• **AIM OF THE TASK**:
Among the records that follow, find the line with "Audi A6L — фото 2" and the line with "Η Ireland Baldwin". Set down those lines and all lines between them exactly, without adding anything.

• **AVAILABLE RECORDS**:
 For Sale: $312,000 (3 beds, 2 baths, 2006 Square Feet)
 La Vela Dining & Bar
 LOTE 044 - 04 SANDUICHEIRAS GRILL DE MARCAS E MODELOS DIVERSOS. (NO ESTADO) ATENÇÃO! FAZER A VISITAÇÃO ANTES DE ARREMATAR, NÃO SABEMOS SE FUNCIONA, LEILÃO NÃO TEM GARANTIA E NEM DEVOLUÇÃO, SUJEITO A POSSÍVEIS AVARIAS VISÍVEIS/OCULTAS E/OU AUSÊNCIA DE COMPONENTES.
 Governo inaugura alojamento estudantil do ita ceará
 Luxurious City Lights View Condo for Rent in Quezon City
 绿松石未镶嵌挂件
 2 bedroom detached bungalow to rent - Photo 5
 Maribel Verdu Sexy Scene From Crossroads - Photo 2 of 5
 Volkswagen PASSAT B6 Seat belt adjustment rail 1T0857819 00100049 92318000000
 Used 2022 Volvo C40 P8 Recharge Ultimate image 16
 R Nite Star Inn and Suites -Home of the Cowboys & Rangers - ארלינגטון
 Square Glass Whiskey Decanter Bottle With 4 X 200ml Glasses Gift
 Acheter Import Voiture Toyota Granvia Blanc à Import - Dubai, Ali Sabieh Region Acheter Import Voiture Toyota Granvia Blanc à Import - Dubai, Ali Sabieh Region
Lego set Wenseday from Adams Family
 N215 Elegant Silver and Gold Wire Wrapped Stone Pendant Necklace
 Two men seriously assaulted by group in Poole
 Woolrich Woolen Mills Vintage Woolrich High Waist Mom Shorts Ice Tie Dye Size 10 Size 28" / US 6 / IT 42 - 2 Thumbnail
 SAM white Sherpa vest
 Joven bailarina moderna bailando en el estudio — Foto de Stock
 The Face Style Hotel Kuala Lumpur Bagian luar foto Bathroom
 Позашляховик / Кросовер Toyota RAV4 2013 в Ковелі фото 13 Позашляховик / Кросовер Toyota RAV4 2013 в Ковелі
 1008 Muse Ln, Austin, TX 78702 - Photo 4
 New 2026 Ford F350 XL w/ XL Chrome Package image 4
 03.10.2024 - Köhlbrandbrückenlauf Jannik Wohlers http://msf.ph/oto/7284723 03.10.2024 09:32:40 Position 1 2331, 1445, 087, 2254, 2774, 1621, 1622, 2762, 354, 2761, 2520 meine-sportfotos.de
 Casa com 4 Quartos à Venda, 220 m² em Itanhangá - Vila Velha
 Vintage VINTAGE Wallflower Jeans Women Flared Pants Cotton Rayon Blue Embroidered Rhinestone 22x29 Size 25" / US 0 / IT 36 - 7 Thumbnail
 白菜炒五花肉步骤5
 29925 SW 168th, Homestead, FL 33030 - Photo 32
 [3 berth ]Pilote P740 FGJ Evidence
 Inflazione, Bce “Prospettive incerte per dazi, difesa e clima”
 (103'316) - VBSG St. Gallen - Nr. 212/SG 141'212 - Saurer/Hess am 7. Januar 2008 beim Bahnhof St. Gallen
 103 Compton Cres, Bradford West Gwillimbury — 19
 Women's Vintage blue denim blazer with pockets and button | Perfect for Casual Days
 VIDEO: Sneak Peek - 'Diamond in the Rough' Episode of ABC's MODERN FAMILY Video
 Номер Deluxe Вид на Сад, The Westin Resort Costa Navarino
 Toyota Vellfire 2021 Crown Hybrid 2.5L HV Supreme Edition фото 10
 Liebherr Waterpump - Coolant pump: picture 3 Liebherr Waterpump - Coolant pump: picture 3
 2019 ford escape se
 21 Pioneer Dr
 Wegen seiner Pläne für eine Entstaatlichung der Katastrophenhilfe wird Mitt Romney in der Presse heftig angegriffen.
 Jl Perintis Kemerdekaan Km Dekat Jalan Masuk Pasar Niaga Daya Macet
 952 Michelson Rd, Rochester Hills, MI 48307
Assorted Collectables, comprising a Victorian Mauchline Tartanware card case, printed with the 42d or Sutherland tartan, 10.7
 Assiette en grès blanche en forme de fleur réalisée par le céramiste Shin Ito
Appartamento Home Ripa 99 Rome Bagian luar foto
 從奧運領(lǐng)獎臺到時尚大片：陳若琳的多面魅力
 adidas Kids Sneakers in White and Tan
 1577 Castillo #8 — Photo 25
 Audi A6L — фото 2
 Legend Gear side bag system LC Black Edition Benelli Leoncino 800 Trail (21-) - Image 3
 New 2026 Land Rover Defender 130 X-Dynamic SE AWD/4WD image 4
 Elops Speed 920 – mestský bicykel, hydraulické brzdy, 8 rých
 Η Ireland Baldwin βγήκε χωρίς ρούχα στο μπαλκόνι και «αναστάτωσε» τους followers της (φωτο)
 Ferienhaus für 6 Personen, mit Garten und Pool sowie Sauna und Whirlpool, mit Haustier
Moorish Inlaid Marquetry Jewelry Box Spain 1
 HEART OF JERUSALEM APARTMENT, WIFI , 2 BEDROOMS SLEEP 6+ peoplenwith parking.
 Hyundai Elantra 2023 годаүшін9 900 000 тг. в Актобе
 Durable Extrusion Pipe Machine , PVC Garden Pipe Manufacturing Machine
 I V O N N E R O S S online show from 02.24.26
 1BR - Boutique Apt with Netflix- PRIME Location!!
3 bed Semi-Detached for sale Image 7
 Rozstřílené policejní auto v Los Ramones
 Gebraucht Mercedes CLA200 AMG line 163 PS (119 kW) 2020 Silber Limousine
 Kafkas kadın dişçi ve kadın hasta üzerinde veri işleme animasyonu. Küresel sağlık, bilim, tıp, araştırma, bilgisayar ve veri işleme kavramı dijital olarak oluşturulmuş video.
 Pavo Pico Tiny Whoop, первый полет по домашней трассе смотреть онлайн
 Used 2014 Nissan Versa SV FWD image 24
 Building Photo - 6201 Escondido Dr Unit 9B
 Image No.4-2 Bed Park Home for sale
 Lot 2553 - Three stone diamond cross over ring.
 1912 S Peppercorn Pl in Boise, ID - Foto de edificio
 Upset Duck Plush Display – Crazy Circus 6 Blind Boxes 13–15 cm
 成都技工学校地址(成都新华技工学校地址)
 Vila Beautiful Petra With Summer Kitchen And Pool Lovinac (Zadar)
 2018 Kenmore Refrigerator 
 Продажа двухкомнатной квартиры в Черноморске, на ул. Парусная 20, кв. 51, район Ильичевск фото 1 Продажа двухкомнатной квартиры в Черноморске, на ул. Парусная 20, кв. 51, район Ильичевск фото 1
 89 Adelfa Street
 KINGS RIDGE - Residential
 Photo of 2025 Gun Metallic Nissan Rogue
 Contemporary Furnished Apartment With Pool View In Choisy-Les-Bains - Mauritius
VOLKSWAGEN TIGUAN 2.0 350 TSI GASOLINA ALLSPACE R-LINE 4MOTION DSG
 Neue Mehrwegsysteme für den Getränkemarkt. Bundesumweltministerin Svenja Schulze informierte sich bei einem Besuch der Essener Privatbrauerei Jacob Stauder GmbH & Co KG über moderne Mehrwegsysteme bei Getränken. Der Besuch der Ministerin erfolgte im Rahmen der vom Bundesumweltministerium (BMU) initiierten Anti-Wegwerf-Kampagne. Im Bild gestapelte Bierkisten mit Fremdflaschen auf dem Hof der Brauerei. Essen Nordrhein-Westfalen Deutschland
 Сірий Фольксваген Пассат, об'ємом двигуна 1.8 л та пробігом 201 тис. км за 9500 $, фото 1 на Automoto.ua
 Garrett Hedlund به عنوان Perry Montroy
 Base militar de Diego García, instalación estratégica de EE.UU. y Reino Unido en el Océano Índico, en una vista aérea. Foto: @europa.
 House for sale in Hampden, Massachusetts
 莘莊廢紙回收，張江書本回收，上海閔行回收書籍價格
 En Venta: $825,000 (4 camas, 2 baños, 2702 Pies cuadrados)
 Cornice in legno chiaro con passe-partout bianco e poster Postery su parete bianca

• **WRITTEN SOLUTION**:
 Audi A6L — фото 2
 Legend Gear side bag system LC Black Edition Benelli Leoncino 800 Trail (21-) - Image 3
 New 2026 Land Rover Defender 130 X-Dynamic SE AWD/4WD image 4
 Elops Speed 920 – mestský bicykel, hydraulické brzdy, 8 rých
 Η Ireland Baldwin βγήκε χωρίς ρούχα στο μπαλκόνι και «αναστάτωσε» τους followers της (φωτο)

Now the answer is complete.